Although it might not bode so well for recipients, last Thursday Mayor Bloomberg unveiled the latest Key to the City initiative at Times Square. Customarily symbolic, mixed media artist Paul Ramirez Jonas' project with Creative Time, The Key to the City, replaces an ornamental key with a real one—or, rather, 25,000 of them. The keys open the locks to sites across the five boroughs, including a secret door on the fifth floor of The Brooklyn Museum, the switch for a lamp post light in Bryant Park, and a private room in a Jackson Heights' restaurant. Anyone can acquire them from kiosks located in each borough (Manhattan's is located at Times Square). A brief bestowal ceremony takes place, whereby participants sign a large ledger-in keeping with the original ritual—and every key is accompanied with an explanatory booklet.

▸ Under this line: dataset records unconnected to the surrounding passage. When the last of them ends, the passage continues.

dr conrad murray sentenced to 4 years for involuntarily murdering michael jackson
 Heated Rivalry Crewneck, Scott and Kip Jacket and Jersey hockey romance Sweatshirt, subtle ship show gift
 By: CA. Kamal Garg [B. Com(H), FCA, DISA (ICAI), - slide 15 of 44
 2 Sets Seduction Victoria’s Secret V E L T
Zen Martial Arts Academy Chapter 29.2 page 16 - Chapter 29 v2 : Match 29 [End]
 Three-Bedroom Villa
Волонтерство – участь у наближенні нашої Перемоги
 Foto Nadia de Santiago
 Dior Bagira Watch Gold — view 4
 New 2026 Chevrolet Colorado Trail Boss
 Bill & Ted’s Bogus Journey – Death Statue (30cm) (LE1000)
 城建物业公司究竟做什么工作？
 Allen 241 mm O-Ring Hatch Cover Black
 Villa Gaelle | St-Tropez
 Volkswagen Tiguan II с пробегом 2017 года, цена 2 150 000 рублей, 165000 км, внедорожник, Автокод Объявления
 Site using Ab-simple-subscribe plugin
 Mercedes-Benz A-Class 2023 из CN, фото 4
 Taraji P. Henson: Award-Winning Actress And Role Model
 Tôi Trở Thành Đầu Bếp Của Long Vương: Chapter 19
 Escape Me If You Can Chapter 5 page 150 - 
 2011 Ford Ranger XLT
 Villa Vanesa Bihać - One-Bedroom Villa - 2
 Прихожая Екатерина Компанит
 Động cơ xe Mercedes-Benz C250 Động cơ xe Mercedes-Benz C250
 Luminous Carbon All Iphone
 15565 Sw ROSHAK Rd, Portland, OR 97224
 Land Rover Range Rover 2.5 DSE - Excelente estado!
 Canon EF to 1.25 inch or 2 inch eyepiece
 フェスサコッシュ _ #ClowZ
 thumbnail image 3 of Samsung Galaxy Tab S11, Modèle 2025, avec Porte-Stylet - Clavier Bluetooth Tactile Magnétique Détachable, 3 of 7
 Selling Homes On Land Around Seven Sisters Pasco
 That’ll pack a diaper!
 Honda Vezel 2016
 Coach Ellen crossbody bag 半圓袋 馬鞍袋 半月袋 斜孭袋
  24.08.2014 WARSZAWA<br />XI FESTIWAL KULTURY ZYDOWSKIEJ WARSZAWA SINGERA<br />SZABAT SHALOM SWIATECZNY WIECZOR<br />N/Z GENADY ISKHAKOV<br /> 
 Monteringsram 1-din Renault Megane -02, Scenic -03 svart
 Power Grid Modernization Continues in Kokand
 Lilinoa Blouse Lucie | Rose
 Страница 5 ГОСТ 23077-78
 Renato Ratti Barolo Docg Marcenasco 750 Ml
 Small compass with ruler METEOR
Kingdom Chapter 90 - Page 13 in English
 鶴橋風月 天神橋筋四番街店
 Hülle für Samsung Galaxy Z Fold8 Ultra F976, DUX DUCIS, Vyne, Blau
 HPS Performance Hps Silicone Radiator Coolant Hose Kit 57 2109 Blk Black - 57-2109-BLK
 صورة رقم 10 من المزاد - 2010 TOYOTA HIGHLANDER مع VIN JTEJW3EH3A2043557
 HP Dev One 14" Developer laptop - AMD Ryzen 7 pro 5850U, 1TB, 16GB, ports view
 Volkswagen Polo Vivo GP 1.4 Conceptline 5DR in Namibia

Often addressing strategies of exploration in his work, Paul Ramirez Jonas' first project involving keys began in 2005 when examining the definition of locked or unlocked space. Jonas approached a variety of individuals to reveal the doors behind certain keys on their keychain. Those willing then had the option to exchange them with one of Jonas' keys (after duplicating them), all of which Jonas documented in photographs. One participant, Oscar, held an unassuming-looking key that opened the locks of various gates throughout California's state parks, gates that essentially belonged to the public.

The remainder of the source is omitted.